1 Introduction

The accurate detection of abnormal events from crowded scenes is required for video surveillance. An anomaly detection system aims in identifying an anomalous event, with a low likelihood occurrence in the surveillance videos. Thida et al. [16] discussed a method of spatio-temporal Laplacian Eigen map model for detection of anomaly activities in videos. The detection is done by monitoring the variations occurred in spatio-temporal local motions. The usual behavior of the crowd is characterized by using the model constructed with the different activity representatives. The constructed model helps in detecting the anomalies occurred in both local and global contexts of the crowd region.

The global motion information modeling of optical flow for anomaly detection is discussed by Benabbas et al. [2]. It understands the dominant motion magnitude and orientations from the obtained information to detect the foremost motion pattern. Then, a segmentation algorithm is used to make the scenes appears at different patterns with same speed and motion direction. Leyva et al. [8] described wake motion descriptor for video anomaly detection. The motion patterns which never occur previously are used to find the anomalies. Also, the relative change in the size of an object in the scene is compensated by using the perspective grid.

Shreedarshan & Selvi [14] analyzed the crowd behavior for anomaly detection by using the estimated optical flow with adaptive swarm intelligence. At first, the optical flow is generated from the input images which contain information of background, foreground and higher image intensity region. Then the motions are observed by using the streak lines and the optical flows. Then they are analyzed with the help of particle swarm optimization for anomaly detection. Sparsity based classification for anomaly detection is described by Mo et al. [12]. In the sparsity model, the computational cost is reduced by using a low rank structure on the sparse vectors/matrices coefficients.

The anomaly detection approach of Xiao et al. [19] is capable of performing both in multiscale and real-time detection. A local coordinate factorization model is used to know whether the video volumes belong to the spatio-temporal, temporal and spatial anomalies. An approach for learning the video events at each pixel is discussed by Javan Roshtkhari & Levine [5]. Using the dominant behaviors in the videos, a codebook model is constructed for dominant temporal and spatial events independently.
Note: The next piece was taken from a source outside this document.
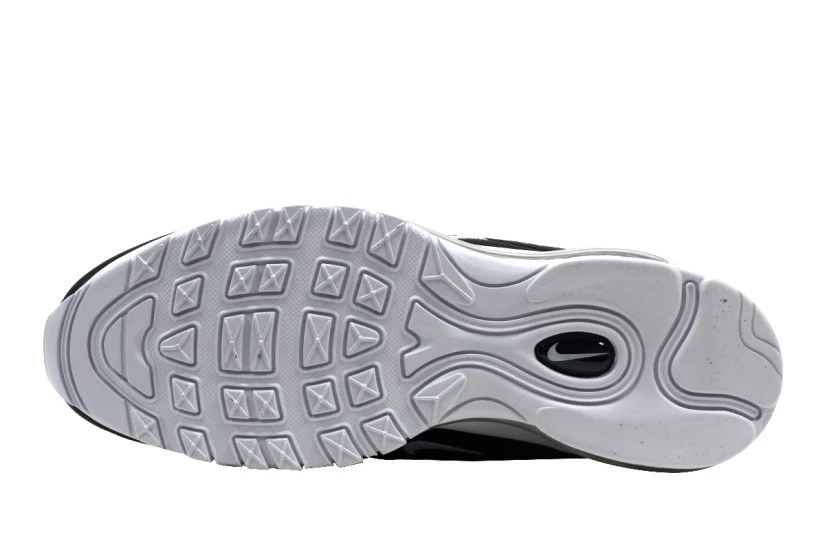 Nike Air Max 97 Unisex Sneakers Μαύρα, Λευκά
A method of probabilistic framework to detect anomalies in video is discussed by Saligrama & Chen [13] which identify the local spatio temporal anomalies. Based on a set of optimal decision rules, it detects the anomalies even if they occur inside a small region. The optical flow measurements are used for unusual event detection by [1]. At fixed spatial locations, optical flow measurements are extracted to detect anomaly instead of tracking objects in the scene.
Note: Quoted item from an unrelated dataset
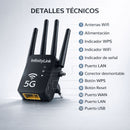 InfinityLink WiFi Satelital 📡– ¡OFERTA EXPIRA HOY! Sin cobros mensuales para siempre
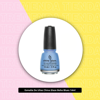 Imagen de Esmalte De Uñas China Glaze Boho Blues 14ml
A Mixture of Probabilistic Principal Component Analysis (MPPCA) is discussed by Kim & Grauman [6] for anomaly detection. The optical flow patterns are trained by MPPCA and then modeled by space-time Markov random field. The localization and detection of an abnormal event in videos are obtained by a Social Force (SF) model by Mehran et al. [11]. The crowd behaviour is modeled by using the interaction forces of individuals. Then, the frames are classified by a bag of word technique into normal event or anomaly.
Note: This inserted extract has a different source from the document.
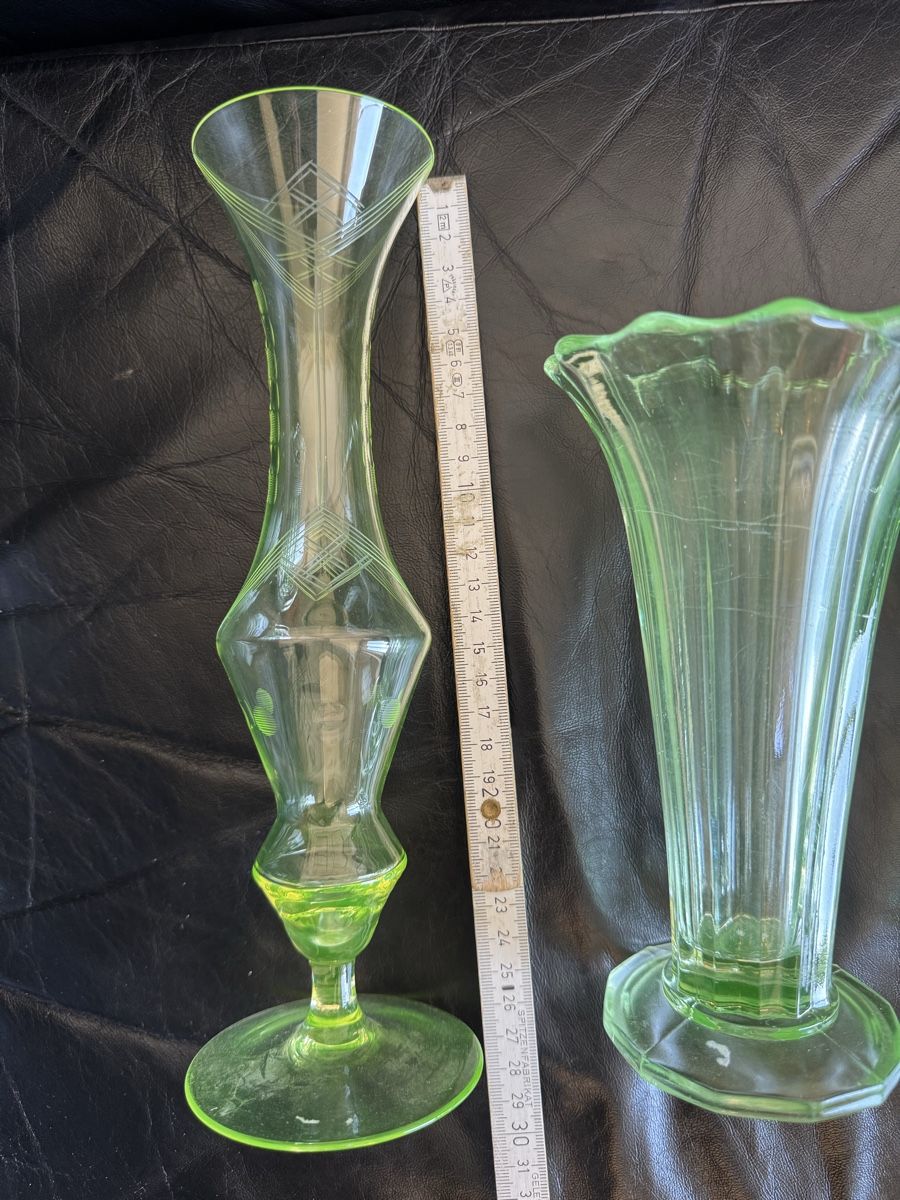 Vase & Récipients: Uranglas Vasen Set – D'occasion à St. Gallen par J00rdin 6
The anomalies present in the complex scenes are detected by a Mixture of Dynamic Textures (MDT) by Mahadevan et al. [9]. The joint models of appearance and dynamics are used to represent the crowd patterns in videos. Then, the patterns are learned by expectation and maximization algorithm. Structure Analysis (SA) based anomaly detection is discussed by Yuan et al. [20]. At first, it detects the pedestrian and then structural context descriptor is used to represent the individuals in the frame.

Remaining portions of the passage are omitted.